Pictures with short captions:

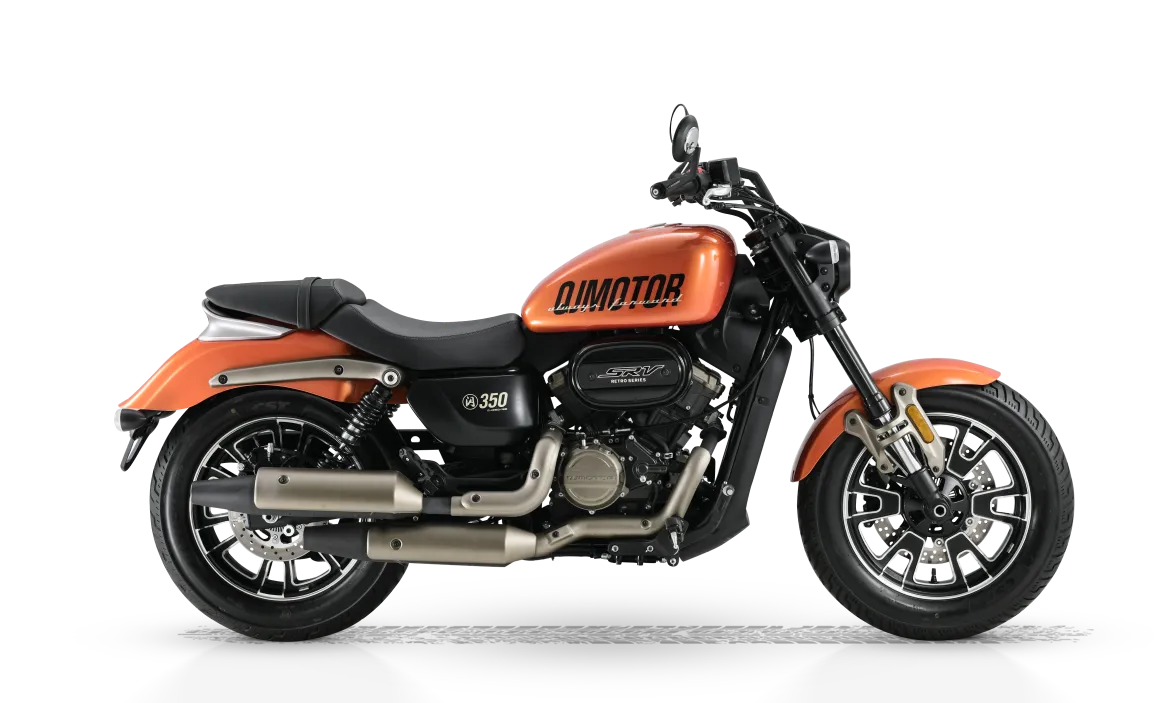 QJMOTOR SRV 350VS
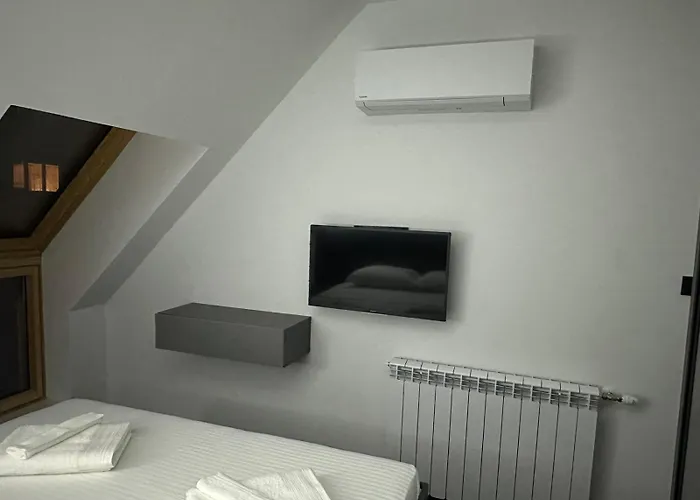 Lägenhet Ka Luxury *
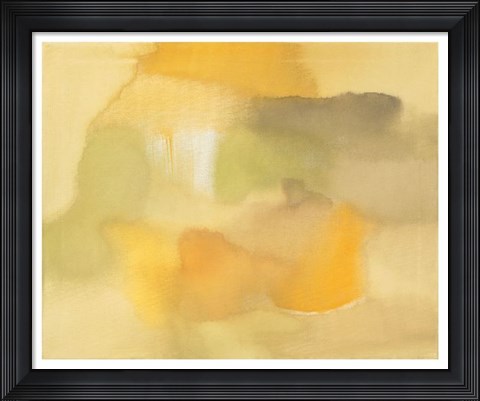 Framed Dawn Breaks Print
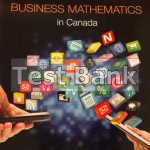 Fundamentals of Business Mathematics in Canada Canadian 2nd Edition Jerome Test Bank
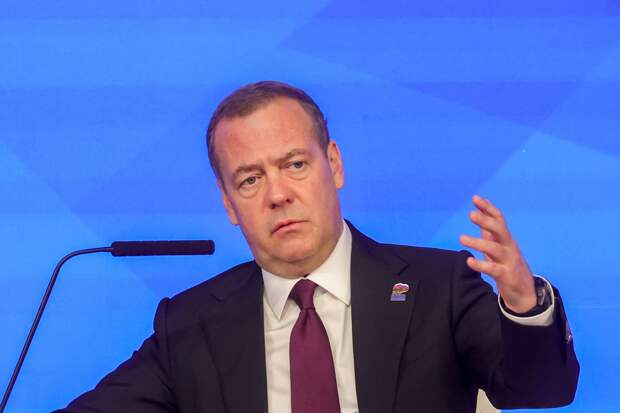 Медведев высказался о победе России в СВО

## How to complete this task
Leave out the pictures and output the rest of the records exactly.

## Solution
 QJMOTOR SRV 350VS
 Lägenhet Ka Luxury *
 Framed Dawn Breaks Print
 Fundamentals of Business Mathematics in Canada Canadian 2nd Edition Jerome Test Bank
 Медведев высказался о победе России в СВО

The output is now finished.